The Bihar government ordered an investigation on Monday into the adoption of three-year-old Sherin Mathews from an orphanage in the state, after she disappeared from her foster parents’ Texas home and her body was reportedly found.
Wesley and Sini Mathews of Richardson city adopted Sherin in June 2016 from Mother Teresa Anath Sewa Ashram, an orphanage and adoption centre run by a non-government organisation in Bihar’s Nalanda.
The centre has been in trouble since September 7 when the social welfare department ordered its closure for several shortcomings.
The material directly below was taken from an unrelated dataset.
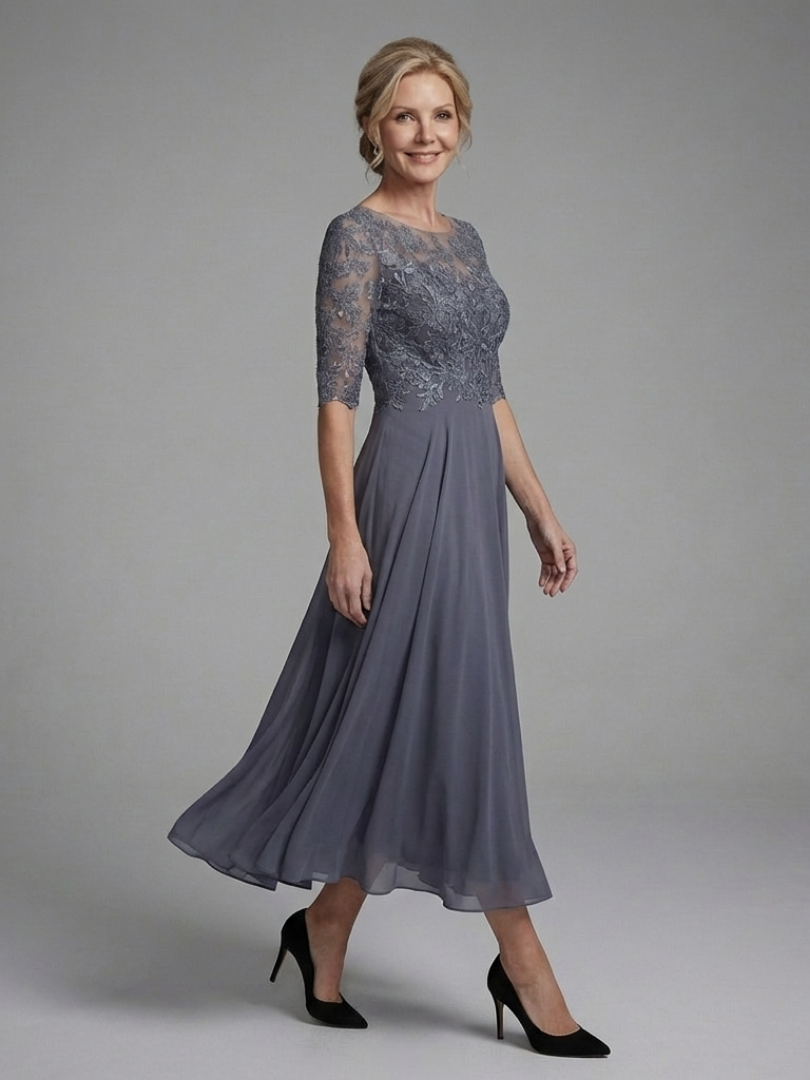 Olivina | Vestito Midi con Corpo in Pizzo e Maniche Trasparenti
But the order doesn’t mention the nature of deficiencies.
Sherin’s reported death prompted Nalanda district magistrate Thiyagarajan SM to set up a three-member team to “ascertain if all norms of adoption were followed in this case”.
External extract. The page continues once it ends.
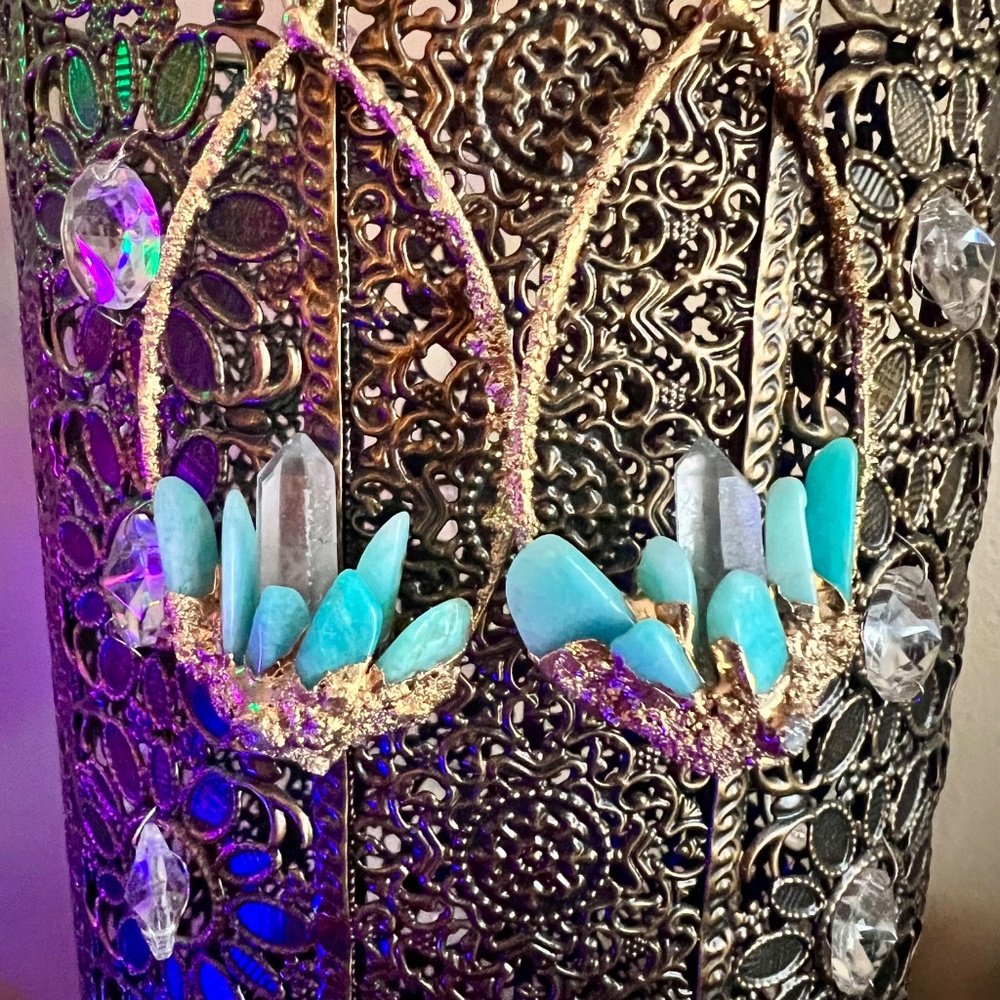 🔮 Amazonite, quartz crystal, herkimer diamond earrings - Picture 6 of 11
He warned of legal action against the NGO if any irregularity is found.
The centre asserted it had followed stipulated norms.
“The last inspection was done at our centre in 2016. No team visited us thereafter and we did not get any show-cause notice either … We will challenge the order in court,” said Babita Kumari, secretary of the orphanage.
The girl was seven months old when a children’s welfare organisation in Gaya gave her to the orphanage in February 2015 after she was “rescued” in the Buddhist pilgrimage town, according to Amit Kumar Paswan, chairman of the NGO.
“The American couple adopted her in the presence of the superintendent of police,” he said.
Sherin’s 37-year-old foster father sent her to stand next to a tree behind the fence at their home around 3am as punishment for not drinking her milk on October 7, according to the arrest affidavit.
She disappeared from there and US police said a child’s body found in a drain about half a mile from the house on Sunday fits the description.
Kumari regretted giving Sherin, named Saraswati prior to her adoption, to the American couple.
“Her father should not have behaved in the manner he did, especially when he has a biological daughter. Our government should press for action against him,” Kumari said.
According to her, Sherin liked milk and was quite a sport too.
“It would have been better if she had stayed with us … The child was crying inconsolably when the couple came to take her. We thought it was natural as she was suffering pangs of separation,” Kumari said.